When Mr. Murry (Chris Pine, showing his range in a radically different role), a brilliant NASA scientist researching the physics behind space-time travel, disappears into thin air one day, his daughter Meg (Storm Reid in a breakout performance) sinks into depression. Skip ahead four years and she’s being repeatedly bullied by her female classmates (led by Girl Meets World star Rowan Blanchard), chastised by her principal (played by André Holland, who’s reuniting with his Selma director) for not applying her talents properly; she’s all but retreated into herself emotionally and mentally. Insecure, self-loathing and disconsolate, Meg is her own worst enemy. Her precocious brother Charles Wallace (Deric McCabe) tries to boost her confidence but it’s not until The Mrs – Mrs. Whatsit (Reese Witherspoon), Mrs. Who (Mindy Kaling), who speaks only in borrowed recognizable historic quotes, and, the biggest of all, in both stature and wisdom, Mrs. Which (Oprah Winfrey) – lead her on a fantastical planet jumping adventure to locate her father, does Meg begin tackle her self-doubt and learn to unleash the warrior within.
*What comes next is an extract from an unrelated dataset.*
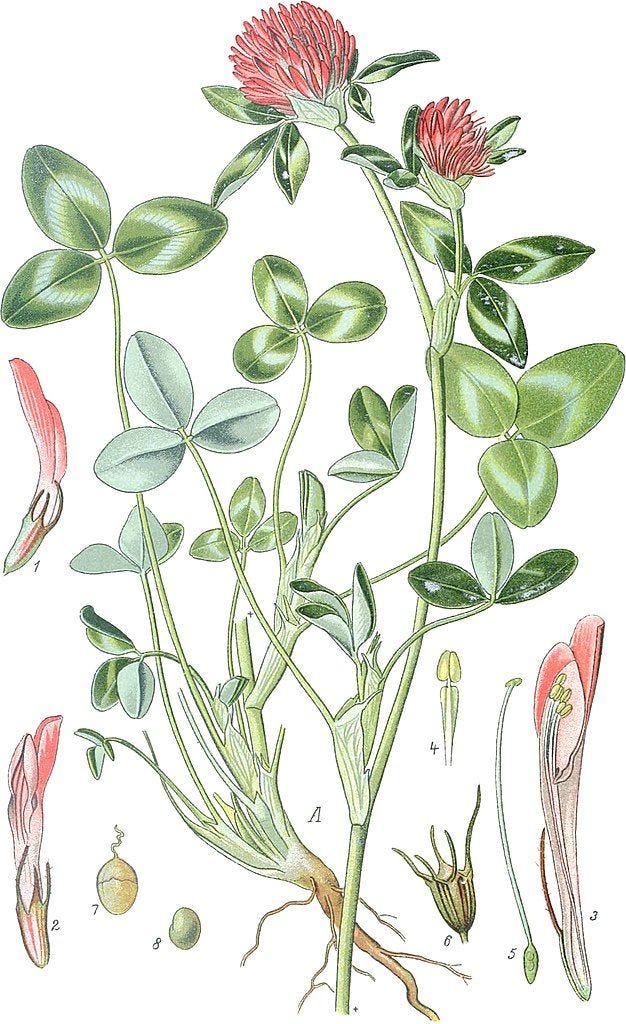 http://Trifolium%2520pratense%2520(Thom%25C3%25A9%2520Bd.3%25201905,%2520BHL-81509,%2520Tafel%2520357)%2520clean,%2520no-description.jpg http://Trifolium%2520pratense%2520(Thom%25C3%25A9%2520Bd.3%25201905,%2520BHL-81509,%2520Tafel%2520357)%2520clean,%2520no-description.jpg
The extras on the disc really added to my adoration of the film and they included a blooper reel and an audio commentary track with Director Ava DuVernay and co-writer Jennifer Lee (Frozen).
Overall Brief Take
The vast majority of (predominantly male) critics have chastised the film for its unnecessary reliance on close-up shots, its weak script (by Frozen‘s Jennifer Lee and Bridge To Terabithia‘s Jeff Stockwell), with a climax cribbed from the season 6 finale of Buffy the Vampire Slayer, and its unremarkable world building, but to them I say, was The Neverending Story or the child-targeted films of the ’80s (some of which are referenced here) without their faults? Any film that can show a biracial girl (changed from the ginger haired girl of the Madeleine L’Engle classic) embrace her faults and her inner darkness and learn to love herself, in spite of those setbacks, is more than okay in my books. Not only that but the film gives young girls the empowering message that said biracial girl, who’s fiercely intelligent (in physics and mathematics, no less), doesn’t have (Western) society conforming hair, who has depressive tendencies, and wears glasses is a beautiful warrior. I only wish I had Ava DuVernay’s magical film when I was growing up.